GoVideo supplies an excellent instruction manual as both hard copy and as PDF files. The only trouble novices will have is figuring out where to get video content that they can play on the device. And you can forget recording any of your newer movies--the PVP4040 doesn't support protected content. The GoVideo PVP4040 is a decent photo viewer, a passable MP3 player, and an almost-great video player. The problem with video is not the 320x240-pixel screen, which looks grainy when viewed close-up but seems much sharper when you sit back a foot or so. It's also admirably bright and colorful, with contrast and brightness controls you can adjust to your liking.

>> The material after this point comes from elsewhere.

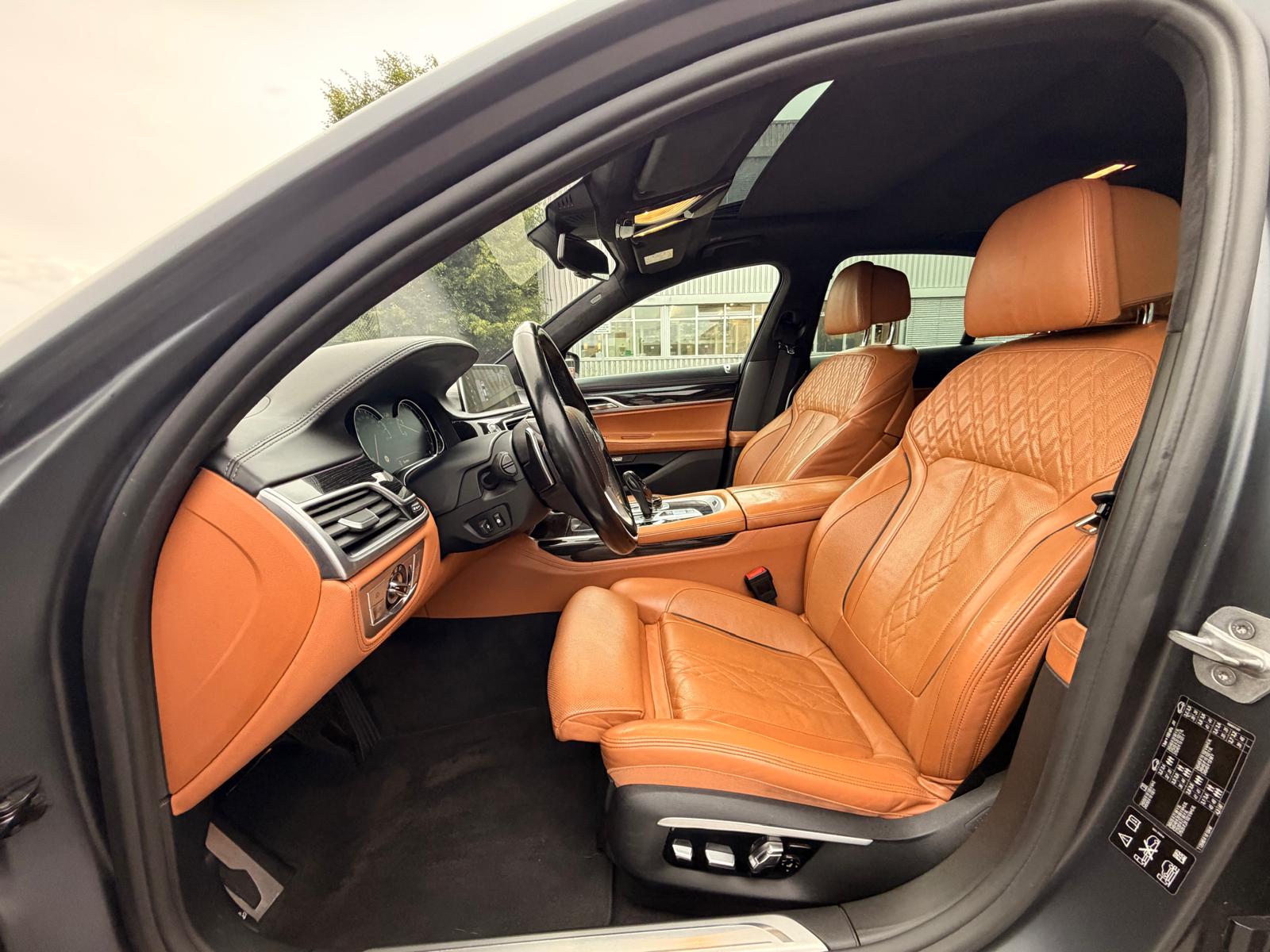 BMW 750i xDrive Steptronic-image-8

No, the problem with video is the same one that plagues the: no bookmark or autoresume feature. There's no way to return to where you left off in a video if you stop it midway or turn off the player. Your only option is to fast-forward from the beginning, but the firmware limits you to 2X scanning--way too slow to be useful. This inexplicable shortcoming single-handedly torpedoes the PVP4040's video appeal, even more so than the lack of a hard drive. The bitter irony is that the video looks and sounds great; we'd gladly watch a full-length movie on the device.
Another problem is the time it takes Transcoder to convert video files to MPEG-4 format. We waited nearly two hours for the utility to convert an episode of Smallville, which started as a 110MB WMV file. Thankfully, not all files take this long. A 250MB MPEG finished in roughly half the time.
The PVP4040 powers on almost instantly, though copying files to the device is surprisingly slow, considering that the device uses USB 2.0. At least there's a perk: the player trickle charges when connected via USB, so you don't necessarily have to bring the included AC adapter while traveling. You'll probably want to, though. In our informal tests, the PVP4040 lasted a little less than two hours when playing video and a bit more than four hours playing audio.
In addition to packing the AC adapter, you'll probably want your favorite pair of headphones. The hard-plastic earbuds included with the PVP4040 sound pretty good, but they're incredibly uncomfortable.